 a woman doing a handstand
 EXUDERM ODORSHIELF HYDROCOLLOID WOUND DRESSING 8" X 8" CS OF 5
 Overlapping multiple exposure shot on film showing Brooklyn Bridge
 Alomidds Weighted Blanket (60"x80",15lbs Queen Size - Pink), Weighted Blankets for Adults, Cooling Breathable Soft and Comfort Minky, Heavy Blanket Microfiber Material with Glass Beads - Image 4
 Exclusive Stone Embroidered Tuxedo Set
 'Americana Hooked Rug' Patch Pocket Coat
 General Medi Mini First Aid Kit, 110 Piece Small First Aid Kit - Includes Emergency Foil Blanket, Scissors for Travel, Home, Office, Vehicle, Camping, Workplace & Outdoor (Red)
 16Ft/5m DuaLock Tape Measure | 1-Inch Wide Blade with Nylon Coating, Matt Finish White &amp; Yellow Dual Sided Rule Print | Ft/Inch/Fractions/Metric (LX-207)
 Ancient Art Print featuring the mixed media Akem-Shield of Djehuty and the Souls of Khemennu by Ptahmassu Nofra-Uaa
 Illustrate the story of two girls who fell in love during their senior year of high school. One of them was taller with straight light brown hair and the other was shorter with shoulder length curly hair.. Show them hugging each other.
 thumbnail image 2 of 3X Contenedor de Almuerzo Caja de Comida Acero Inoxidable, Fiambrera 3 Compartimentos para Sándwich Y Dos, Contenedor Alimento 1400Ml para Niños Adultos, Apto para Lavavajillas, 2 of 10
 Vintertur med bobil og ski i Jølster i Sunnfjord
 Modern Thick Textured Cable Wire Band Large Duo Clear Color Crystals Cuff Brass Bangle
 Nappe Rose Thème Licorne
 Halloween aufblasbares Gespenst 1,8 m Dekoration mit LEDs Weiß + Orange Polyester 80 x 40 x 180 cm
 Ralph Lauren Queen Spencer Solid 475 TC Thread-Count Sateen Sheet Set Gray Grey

- - - - - - -

EXERCISE ▸ Find the lines above that include the string "Queen" and copy them.

RESULT OF THE TASK ▸
 Alomidds Weighted Blanket (60"x80",15lbs Queen Size - Pink), Weighted Blankets for Adults, Cooling Breathable Soft and Comfort Minky, Heavy Blanket Microfiber Material with Glass Beads - Image 4
 Ralph Lauren Queen Spencer Solid 475 TC Thread-Count Sateen Sheet Set Gray Grey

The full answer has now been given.